### Exercise requirements
Where in the data below does the word "August" appear? Copy each line that holds it.

Caption-style text data
====================
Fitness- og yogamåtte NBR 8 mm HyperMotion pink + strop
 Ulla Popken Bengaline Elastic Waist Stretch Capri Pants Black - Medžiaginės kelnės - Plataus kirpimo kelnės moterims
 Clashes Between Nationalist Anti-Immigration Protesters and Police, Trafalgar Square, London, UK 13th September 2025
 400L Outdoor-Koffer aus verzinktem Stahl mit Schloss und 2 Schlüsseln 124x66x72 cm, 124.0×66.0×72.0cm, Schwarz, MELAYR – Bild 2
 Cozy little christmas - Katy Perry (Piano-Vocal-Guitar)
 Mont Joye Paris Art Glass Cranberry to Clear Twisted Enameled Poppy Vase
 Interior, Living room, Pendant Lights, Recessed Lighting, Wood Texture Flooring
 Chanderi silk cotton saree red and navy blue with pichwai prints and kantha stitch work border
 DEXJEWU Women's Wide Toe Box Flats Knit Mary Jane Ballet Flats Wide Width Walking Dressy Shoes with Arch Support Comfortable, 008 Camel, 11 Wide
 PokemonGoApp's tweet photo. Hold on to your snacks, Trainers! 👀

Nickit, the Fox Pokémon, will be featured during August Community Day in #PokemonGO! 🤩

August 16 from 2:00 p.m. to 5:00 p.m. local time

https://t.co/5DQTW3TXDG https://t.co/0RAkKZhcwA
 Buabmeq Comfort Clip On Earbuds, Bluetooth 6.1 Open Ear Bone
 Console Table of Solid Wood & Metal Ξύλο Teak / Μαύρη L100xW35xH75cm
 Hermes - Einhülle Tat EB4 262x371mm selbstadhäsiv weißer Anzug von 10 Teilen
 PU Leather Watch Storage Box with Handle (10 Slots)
====================
### Response area
Nickit, the Fox Pokémon, will be featured during August Community Day in #PokemonGO! 🤩
August 16 from 2:00 p.m. to 5:00 p.m. local time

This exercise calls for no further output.